• mcdoodle
    1.1k
    I think your mutual misunderstanding here is excellent evidence that neither of you is part of the other's mind.
  • Seattlite
    1

    "objectivity" requires consensus.
    Subjective describes one's inner experience, objective describes a shared experience - things a group of people all experience and agree on.
    While it is true that our interpretation of all external events is subjectively experienced, when others also report the same experience it becomes objective.
    If I were to experience something (voices or images) that referred to external events, but others that should have also experienced the same event did not - then I would assume it was just subjective (a hallucination or delusion), even though it may have seemed objective.
    So "objectivity"requires consensus.
    That does not mean objectivity by defnition reflects ultimately reality - but it is a good starting point for progress through emperical, scentific/critical thinking.
  • Terrapin Station
    13.8k


    I'd say that there's a difference between what you personally take as necessary to believe that something is objective (which isn't the same thing I require, by the way) and what it is for something to be objective. The latter doesn't at all require consensus. The former, for you, might require consensus.
  • intrapersona
    579
    "objectivity" requires consensus.
    Subjective describes one's inner experience, objective describes a shared experience - things a group of people all experience and agree on.
    While it is true that our interpretation of all external events is subjectively experienced, when others also report the same experience it becomes objective.
    If I were to experience something (voices or images) that referred to external events, but others that should have also experienced the same event did not - then I would assume it was just subjective (a hallucination or delusion), even though it may have seemed objective.
    So "objectivity"requires consensus.
    That does not mean objectivity by defnition reflects ultimately reality - but it is a good starting point for progress through emperical, scentific/critical thinking.
    Seattlite

    This is not true unfortunately.
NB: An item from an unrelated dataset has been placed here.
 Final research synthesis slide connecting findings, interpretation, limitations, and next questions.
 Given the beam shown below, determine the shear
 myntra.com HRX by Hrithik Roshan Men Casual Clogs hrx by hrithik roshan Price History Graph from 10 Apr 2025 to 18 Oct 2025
Have you heard of the hard problem? It says that if everyone on earth except you were actually zombies but displayed all the signs of being thinking beings no different from how you perceive them now then you can't tell the difference. Likewise, whatever OTHER people say to you is true about states in the world (IE that table is brown) then it is still only the subjective perception of someone elses voice telling you that the table is brown. How can you know for certain that another person exists in order to prove objectivity? You can't.

    This is the sum of your argument. You are trying to posit that because other people exist in the world, that they must be objective also and therefore consensus of them validates an objective world. That is circular reasoning as you are trying to prove something by something that isn't proved yet (namely whether other people even exists or whether they are just a sensory impression and nothing more).